● REQUIRED WORK:
Would you please repeat all of the data exactly, omitting the pictures?

● GIVEN DATA:
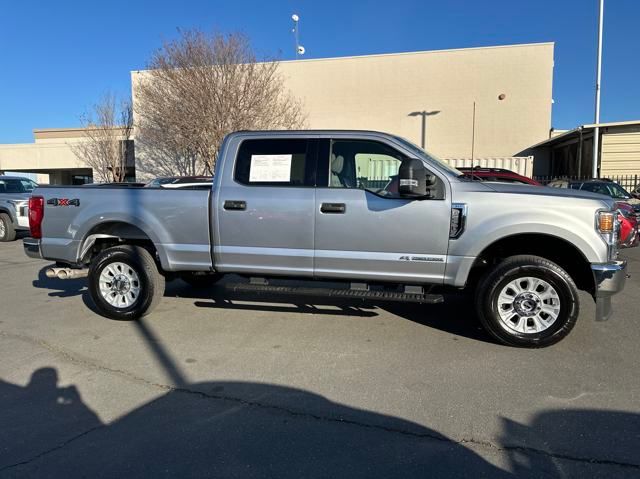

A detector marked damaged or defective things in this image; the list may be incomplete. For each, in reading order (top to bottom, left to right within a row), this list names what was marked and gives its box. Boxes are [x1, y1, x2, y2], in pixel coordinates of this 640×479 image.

pavement crack [2, 330, 636, 472]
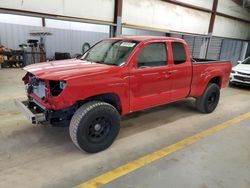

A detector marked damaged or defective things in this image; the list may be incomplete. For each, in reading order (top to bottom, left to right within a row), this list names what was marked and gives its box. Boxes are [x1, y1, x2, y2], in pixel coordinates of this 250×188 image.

crushed hood [23, 58, 117, 79]
missing front bumper [14, 99, 45, 124]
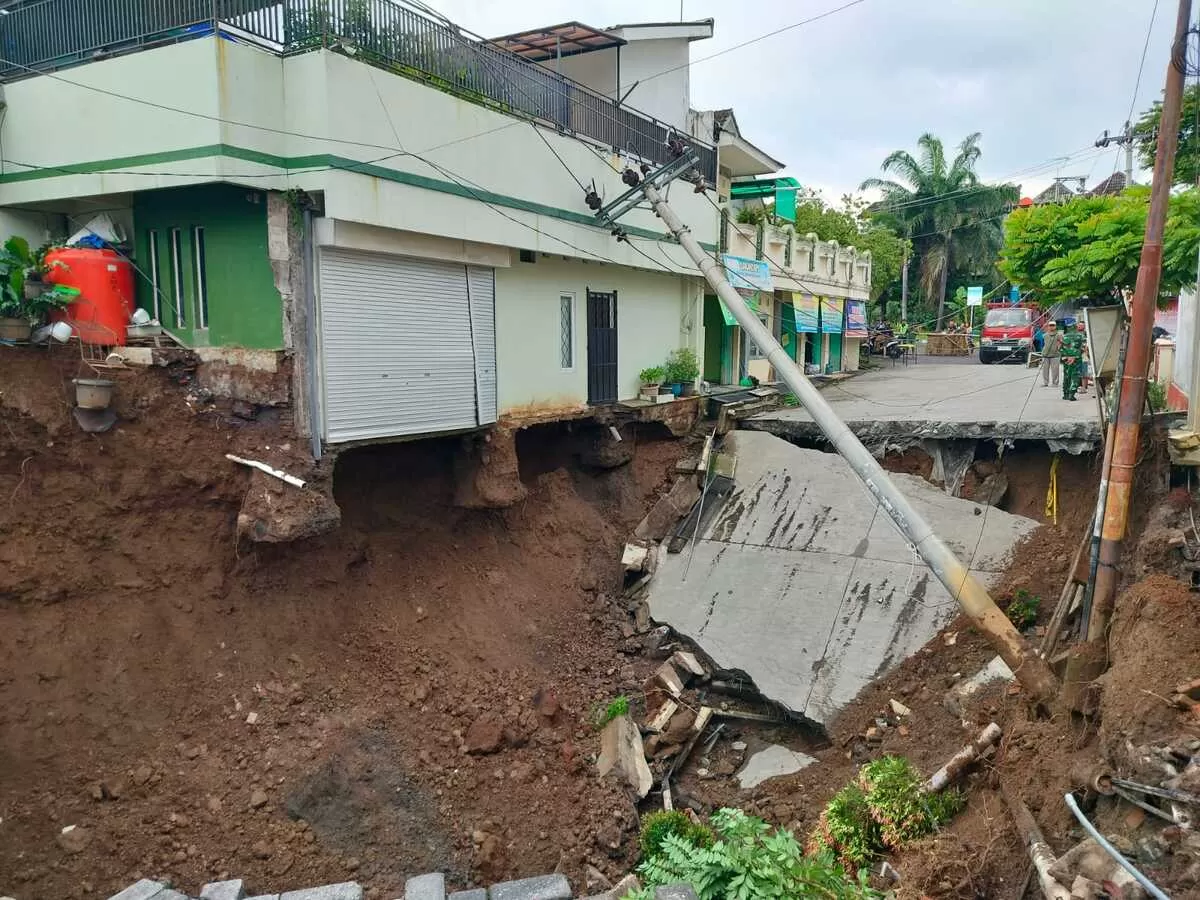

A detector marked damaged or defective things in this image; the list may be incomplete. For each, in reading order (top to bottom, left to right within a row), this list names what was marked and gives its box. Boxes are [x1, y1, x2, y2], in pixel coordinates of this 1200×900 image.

broken concrete slab [644, 430, 1032, 732]
floodwater damage [644, 430, 1032, 732]
broken concrete slab [596, 712, 652, 800]
broken concrete slab [736, 744, 820, 788]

● TASK ANSWER:
A detector marked damaged or defective things in this image; the list may be incomplete. For each, in reading order (top to bottom, left to right within a row), this list names what was marked and gives its box. Boxes are [x1, y1, x2, y2], in pixel coordinates of this 640×479 image.

pavement crack [2, 330, 636, 472]

A detector marked damaged or defective things in this image; the list may be incomplete. For each, in reading order (top to bottom, left to right within a row), this list names what was marked and gives its box. Boxes are [x1, y1, x2, y2], in pixel coordinates of this 250×188 image.

crushed hood [23, 58, 117, 79]
missing front bumper [14, 99, 45, 124]

A detector marked damaged or defective things in this image; the list may be incomplete. For each, in reading order (top to bottom, left to right within a row), this list names what was marked and gives its box. Boxes are [x1, y1, x2, y2], in pixel coordinates of this 1200×900 image.

broken concrete slab [644, 430, 1032, 732]
floodwater damage [644, 430, 1032, 732]
broken concrete slab [596, 712, 652, 800]
broken concrete slab [736, 744, 820, 788]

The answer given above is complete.